Yes. I double checked with both contacts and screenshotted the conversation and both confirmed the attachments were not from them.
I think the question is related more to whether or not they actually sent the message vs the message with an attachment. If they actually sent you the message and in a previous comment you confirmed that it was part of a group conversation. This adds up to being innocent. Allow me to explain.
There are two ways to send group messages. They can be sent as individual messages and would send as SMS. SMS is a format we're all familiar with 140 characters no emojis, no pics or attachments. The second way is as MMS. MMS messages can include emojis and other types of attachments, pics, short vids, links so on and so on. Also with MMS group messages, typically, everyone who replies responds to everyone in the group message, so if Bill sends a message to Jane and Rob and Rob responds Jane and Bill both will see the reply. MMS is sent as a data packet and depending on a few factors, the recipient's carrier signal strength in a location, the network connection at the time of receipt and some times the size of the packet the data packet may or may not fully download. When the packet doesn't download or fully download a link is often sent so that the recipient can recover the message when conditions improve. When the person is back on their home network, in a better coverage area or when they have a stronger signal. The link is merely a placeholder if you will and a way to recover the message if not fully received. A lot of times if this is a one on one conversation you'll see this if a pic was included, where the text may be sent but the attachment is held until released by the link. Since group messages can be sent as MMS this can happen to them as well.
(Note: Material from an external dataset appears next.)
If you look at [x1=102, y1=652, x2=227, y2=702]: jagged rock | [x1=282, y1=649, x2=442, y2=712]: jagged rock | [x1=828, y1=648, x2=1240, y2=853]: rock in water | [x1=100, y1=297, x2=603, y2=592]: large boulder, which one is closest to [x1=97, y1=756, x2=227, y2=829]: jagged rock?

So the real question is where were you when you received the these messages? Did you have a good signal, where you roaming on another network or where you moving where you may have been handed off from one tower to another? Anything like that, because it doesn't sound like you were sent anything nefarious but rather a link so that you could recover the MMS message if not fully received.
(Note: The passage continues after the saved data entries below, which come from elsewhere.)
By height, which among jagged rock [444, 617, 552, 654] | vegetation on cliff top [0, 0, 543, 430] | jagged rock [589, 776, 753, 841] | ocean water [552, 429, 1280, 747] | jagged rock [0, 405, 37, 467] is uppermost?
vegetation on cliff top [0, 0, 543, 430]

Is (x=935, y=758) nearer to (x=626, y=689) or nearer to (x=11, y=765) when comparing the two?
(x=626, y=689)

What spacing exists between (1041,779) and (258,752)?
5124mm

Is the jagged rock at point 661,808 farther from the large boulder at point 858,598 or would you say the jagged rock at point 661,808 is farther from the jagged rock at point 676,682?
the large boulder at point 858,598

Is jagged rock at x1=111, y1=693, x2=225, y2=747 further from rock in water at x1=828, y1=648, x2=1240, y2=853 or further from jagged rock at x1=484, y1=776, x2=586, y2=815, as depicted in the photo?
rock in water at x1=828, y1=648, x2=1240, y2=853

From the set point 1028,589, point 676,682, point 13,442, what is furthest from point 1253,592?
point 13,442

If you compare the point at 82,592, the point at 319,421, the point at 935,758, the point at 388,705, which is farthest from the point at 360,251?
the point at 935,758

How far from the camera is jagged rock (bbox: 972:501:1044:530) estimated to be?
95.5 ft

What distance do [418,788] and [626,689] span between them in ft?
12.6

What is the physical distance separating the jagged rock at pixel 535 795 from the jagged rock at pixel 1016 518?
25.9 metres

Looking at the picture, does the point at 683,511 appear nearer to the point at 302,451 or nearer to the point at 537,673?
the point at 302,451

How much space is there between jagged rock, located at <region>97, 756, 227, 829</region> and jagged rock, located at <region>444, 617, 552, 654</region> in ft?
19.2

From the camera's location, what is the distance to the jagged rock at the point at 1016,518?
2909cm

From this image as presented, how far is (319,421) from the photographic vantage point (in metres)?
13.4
B. Diddy is correct, if it were something attempting to install something on your device you would have to agree to the installation, you would likely have to have Unknown Sources enabled because it wouldn't be from the Play Store and there would likely be other indications of an install, like a progress bar in your notifications. Email attachments from a PC is where we get this idea of things installing on their own because unlike an Android device a PC requires almost no permissions to install something and even bits of code in an attachment that is opened can have bugs that install. Links in messaging apps will usually try to open your browser and take you to a site that may be fake and try to get you to sign-up for something or sign in to your account for whatever fake it tries to be so that they can phish for your information. If the link didn't take you anywhere online, open anything in your browser and the message was one from a group conversation I'd say there's nothing to fear.